Bergoglio conseguirá
dar um salto à frente? Transferir padres na diocese deBuenos Aires do
centro para as favelas era bastante fácil. O exemplo pessoal já contava muito.
Mas aqui se trata de colocar em trilhos novos o imenso corpo de uma Igreja,
dirigida por centenas de milhares de quadros, varrendo carreirismo, corrupção e
obediências de conveniência.
Negócios, Cúria e IOR: uma
difícil operação de limpeza
O enigma desse início de
pontificado está aqui. Reestruturar a Cúria Romana não é difícil, limpar o IOR também
não é impossível. Mas reformar a Igreja Católica, habituar os bispos a serem
missionários sóbrios no estilo de vida e não potentados locais, reprogramar o
pessoal vaticano e o clero a um trabalho essencialmente pastoral e não de
funcionários mais ou menos sistematizados, erradicar tráficos, tirar da Cúria o
papel milenar de centro burocrático e de poder incontestável, fazendo dela um
instrumento de unidade em espírito de colaboração com os episcopados do
mundo... é um objetivo gigantesco.
Sem falar da crise dos
padres, que Wojtyla e Ratzinger nunca realmente quiserem
enfrentar, e do papel de codecisão que cabe às mulheres na Igreja. Se as palavras
do Papa Bergoglio permanecerem como expressões isoladas de uma única
pessoa e não provocarem mudanças concretas de comportamento de todos os níveis
das estruturas eclesiais, a carga de novidade do seu pontificado será
lentamente reabsorvida.
Isso é o que esperam – nos
bastidores – os católicos temerosos do futuro, satisfeitos com um pontífice que
saiba tocar o coração dos fiéis e que seja mais simpático à mídia. É isso que
esperam também os grupos conservadores da sociedade, ateus mais ou menos
devotos, que desde sempre preferem uma Igreja autoritária, que enquadre fiéis
obedientes e se limite a fazer assistência social.

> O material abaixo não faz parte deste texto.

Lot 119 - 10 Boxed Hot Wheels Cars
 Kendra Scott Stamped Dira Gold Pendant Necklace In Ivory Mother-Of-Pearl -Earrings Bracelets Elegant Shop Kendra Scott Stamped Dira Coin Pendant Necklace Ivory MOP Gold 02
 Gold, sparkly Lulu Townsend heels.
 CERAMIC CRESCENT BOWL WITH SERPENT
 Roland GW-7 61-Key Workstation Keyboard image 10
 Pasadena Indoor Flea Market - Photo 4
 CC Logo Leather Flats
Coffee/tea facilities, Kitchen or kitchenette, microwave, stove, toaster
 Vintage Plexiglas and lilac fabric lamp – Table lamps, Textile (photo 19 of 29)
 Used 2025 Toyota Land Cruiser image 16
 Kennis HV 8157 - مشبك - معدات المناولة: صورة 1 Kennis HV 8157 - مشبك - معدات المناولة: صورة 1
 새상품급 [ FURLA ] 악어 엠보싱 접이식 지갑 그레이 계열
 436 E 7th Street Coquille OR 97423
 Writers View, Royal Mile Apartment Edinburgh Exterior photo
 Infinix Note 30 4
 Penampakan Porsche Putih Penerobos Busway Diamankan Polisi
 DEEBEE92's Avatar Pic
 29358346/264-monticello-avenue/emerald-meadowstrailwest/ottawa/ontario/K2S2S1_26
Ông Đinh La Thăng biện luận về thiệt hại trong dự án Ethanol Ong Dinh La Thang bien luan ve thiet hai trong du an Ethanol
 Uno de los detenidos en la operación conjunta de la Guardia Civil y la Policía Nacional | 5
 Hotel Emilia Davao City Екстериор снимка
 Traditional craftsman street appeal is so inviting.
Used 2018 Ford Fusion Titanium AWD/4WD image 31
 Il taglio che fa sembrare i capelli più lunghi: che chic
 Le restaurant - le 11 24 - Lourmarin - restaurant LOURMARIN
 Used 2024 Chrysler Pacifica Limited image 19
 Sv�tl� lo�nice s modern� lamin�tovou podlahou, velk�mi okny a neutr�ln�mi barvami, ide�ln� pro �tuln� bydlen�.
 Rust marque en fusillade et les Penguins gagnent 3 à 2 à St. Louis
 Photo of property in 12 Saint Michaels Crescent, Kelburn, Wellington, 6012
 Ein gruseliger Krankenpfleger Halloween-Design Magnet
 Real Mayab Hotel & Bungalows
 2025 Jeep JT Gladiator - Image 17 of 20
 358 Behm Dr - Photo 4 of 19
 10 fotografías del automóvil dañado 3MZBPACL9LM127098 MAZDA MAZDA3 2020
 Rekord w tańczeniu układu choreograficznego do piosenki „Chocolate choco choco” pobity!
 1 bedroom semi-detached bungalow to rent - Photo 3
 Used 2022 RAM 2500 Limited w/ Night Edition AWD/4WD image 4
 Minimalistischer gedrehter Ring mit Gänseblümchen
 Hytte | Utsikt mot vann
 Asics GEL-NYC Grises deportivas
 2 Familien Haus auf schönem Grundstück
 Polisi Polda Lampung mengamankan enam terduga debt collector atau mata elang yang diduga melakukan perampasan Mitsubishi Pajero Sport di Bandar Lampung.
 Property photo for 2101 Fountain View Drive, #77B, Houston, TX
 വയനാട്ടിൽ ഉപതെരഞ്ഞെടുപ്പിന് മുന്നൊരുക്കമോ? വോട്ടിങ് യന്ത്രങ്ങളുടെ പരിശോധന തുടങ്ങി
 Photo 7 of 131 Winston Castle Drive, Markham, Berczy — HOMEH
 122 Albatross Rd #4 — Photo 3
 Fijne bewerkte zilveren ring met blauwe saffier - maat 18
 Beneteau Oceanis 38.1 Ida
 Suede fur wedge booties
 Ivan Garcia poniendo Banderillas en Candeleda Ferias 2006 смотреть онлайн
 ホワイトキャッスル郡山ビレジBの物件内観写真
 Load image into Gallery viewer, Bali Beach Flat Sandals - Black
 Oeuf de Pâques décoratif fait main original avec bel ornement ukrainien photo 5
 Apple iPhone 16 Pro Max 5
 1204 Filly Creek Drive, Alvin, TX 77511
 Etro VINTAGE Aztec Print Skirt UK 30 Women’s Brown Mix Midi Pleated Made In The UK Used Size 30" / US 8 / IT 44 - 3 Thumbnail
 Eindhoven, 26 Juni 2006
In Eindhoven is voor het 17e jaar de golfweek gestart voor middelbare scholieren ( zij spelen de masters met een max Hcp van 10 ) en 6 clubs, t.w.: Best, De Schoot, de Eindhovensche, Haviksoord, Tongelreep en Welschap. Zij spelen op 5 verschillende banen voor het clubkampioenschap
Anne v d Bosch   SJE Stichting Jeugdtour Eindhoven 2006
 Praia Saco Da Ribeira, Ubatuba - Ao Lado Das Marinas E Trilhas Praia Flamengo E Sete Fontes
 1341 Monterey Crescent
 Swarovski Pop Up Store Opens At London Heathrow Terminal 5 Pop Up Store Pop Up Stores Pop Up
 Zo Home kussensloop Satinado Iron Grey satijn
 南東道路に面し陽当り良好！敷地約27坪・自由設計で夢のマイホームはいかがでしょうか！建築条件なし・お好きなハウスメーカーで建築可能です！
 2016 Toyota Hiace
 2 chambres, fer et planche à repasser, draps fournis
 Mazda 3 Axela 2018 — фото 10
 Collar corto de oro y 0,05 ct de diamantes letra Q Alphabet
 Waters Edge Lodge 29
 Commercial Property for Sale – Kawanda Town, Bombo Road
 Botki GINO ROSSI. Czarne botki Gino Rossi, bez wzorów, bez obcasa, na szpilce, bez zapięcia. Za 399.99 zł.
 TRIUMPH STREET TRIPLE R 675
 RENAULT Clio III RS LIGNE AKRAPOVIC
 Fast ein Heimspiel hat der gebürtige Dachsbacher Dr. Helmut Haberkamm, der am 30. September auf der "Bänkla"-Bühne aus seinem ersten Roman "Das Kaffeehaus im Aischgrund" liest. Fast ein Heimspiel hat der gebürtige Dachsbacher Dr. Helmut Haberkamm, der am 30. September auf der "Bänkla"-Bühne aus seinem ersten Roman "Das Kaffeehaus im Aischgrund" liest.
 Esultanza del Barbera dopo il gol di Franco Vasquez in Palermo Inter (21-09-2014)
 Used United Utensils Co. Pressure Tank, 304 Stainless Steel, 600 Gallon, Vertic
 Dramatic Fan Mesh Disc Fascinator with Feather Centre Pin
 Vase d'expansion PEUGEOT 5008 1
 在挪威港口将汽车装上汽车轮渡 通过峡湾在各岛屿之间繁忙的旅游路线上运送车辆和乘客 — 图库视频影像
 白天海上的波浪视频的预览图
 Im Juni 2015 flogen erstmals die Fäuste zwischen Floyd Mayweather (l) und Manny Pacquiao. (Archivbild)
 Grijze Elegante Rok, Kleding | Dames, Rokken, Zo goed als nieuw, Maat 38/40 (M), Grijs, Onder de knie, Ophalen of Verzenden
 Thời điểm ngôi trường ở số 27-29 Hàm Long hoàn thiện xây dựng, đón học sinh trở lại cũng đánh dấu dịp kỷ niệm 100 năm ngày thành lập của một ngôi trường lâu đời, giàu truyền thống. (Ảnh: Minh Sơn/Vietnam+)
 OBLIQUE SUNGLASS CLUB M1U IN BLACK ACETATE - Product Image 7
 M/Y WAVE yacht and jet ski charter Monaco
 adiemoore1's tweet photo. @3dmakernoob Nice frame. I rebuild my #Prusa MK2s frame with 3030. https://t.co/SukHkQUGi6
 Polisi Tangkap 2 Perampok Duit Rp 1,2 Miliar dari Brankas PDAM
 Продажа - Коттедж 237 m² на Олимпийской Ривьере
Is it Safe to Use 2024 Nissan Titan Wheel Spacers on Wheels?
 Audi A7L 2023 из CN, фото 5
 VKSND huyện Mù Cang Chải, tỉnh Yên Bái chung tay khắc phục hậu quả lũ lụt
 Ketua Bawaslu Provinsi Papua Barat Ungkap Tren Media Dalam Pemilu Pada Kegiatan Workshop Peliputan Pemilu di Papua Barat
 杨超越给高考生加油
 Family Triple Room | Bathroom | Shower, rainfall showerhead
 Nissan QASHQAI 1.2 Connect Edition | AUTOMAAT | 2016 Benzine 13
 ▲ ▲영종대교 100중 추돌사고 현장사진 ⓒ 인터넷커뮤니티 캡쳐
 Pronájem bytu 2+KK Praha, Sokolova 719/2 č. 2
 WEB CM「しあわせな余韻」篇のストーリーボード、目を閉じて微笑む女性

Note-se a sutil censura com
que, nos meios de comunicação, é sufocada morbidamente a insistente denúncia de Francisco contra
as novas escravidões econômicas e o poder excessivo financeiro sobre massas de
cidadãos em crise. O papa disse várias vezes que quem não caminha, no
fim, volta atrás.
Ir em frente é o imperativo
desse enigmático pontificado. Significa, também, fazer cair algumas cabeças em
um contraste estridente demais com os padrões agora invocados. "Limpar a
Cúria" – como Bergoglio desejava às vésperas da sua viagem a Roma –
é uma ação que todos devem ser capazes de ver. O tempo corre. Historicamente, a
renúncia por idade já entraram no horizonte do papado. E dez anos, por exemplo,
não são muitos.”
Hoje, ao ver a tomada de posse do novo Patriarca de Lisboa, e todas aquelas vestes eclesiásticas do tempo do senhor D. João V, tive necessidade de reler este texto.
1 comentário:
Cada dia fico mais fã do Francisco.
Obrigada por compartilhar ,já tinha conhecimento do assunto mas não lido ainda a reportagem de Marco Politi.